I'm a bit jealous of Jeroen right now. At the Small-Press Convention in Groningen on Saturday, he sold out of his new mini De Ballade van Kittepoes in just a few hours. Visitors, most of them female, were falling over one another to buy the book, which was priced at € 3 for a stapled A5 minicomic with a color cover and six pages of black and white art inside. Amazing.
Mind you, it is all very pretty, cute and stylized. Jeroen has created a cat character who works as a silhouette, creating an impression of cuddlyness while preserving a sense of a feline in motion. The design is very strong throughout, and the book as a whole is simply desirable to a lot of people. I need to create something as desirable as that, sometime.
Smash successes aside, I had a good time at the convention, hosted at Vera. I sold some books myself, but kept a better balance between holding down the fort and getting in touch with other cartoonists and comics people: journalist Joost Pollman, Stripster main man Henk Schouten, Tommy A, the Saiso girls, Liz Groenveld (who possesses blackmail material), Maaike Hartjes and many others. Mostly I reconnected with people I knew from the last time I did the convention thing with any regularity.
Had an interesting conversation with reader Michiel Prior who asked if I was feeling better now. That puzzled me a bit - while I've definitely had problems getting back into gear with comic production recently, they're basically the sort of thing one gets after completing a long and draining project. Now that I've given myself some time off, I'm actually feeling fine (apart from maybe feeling another cold coming up - we'll see in the morning) even if I'm still in a bit of a dry spell and finding it hard to get the work done. Professional satisfaction and personal happiness are different things after all.
What I didn't do was talk to the unfamiliar artists there. There were a couple of people there doing interesting stuff and in retrospect I should have taken the opportunity to get to know them better. Ah well, there's always a next time.

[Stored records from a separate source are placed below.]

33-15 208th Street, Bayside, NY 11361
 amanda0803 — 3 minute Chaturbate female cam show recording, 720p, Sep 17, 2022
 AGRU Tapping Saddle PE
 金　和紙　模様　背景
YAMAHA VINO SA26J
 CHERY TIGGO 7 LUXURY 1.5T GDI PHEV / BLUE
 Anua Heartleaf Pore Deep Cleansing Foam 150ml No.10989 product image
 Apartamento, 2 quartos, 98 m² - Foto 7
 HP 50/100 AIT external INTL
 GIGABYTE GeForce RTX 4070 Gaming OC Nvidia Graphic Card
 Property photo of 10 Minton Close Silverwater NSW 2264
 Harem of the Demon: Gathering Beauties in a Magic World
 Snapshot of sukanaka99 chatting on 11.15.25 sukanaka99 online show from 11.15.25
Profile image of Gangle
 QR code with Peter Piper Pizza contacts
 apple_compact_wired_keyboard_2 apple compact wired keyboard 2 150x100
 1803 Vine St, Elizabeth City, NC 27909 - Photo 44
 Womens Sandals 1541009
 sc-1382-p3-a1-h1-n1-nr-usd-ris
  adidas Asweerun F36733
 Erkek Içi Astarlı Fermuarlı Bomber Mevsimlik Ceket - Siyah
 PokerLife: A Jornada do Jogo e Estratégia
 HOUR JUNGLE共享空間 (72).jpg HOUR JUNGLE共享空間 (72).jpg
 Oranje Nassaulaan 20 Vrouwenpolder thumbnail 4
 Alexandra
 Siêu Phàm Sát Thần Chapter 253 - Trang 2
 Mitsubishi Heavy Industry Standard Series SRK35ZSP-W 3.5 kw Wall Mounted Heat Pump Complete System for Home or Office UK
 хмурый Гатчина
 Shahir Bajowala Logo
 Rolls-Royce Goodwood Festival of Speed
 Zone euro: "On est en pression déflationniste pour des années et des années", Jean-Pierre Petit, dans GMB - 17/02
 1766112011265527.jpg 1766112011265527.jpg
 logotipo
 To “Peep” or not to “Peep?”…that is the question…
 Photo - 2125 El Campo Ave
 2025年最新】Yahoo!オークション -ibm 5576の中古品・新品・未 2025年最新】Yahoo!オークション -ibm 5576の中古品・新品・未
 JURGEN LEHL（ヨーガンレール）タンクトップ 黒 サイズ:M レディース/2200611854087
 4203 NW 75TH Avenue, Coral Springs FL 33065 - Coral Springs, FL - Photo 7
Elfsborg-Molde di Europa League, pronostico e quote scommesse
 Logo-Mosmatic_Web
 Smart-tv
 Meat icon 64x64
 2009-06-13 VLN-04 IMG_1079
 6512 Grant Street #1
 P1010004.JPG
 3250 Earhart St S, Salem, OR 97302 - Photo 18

What else was there? The Lamelos crew had all dressed up as pirates, but they were upstaged by Hank and Lily from Canada who wandered the room in their stage costumes. Hank was a cowboy with a metal mask; Lily a deer-creature with antlers, carrying (somewhat disturbingly) a rucksack with a saw in it. They're multimedial, putting out comics and CDs, as well as performing live, which they would do in the evening.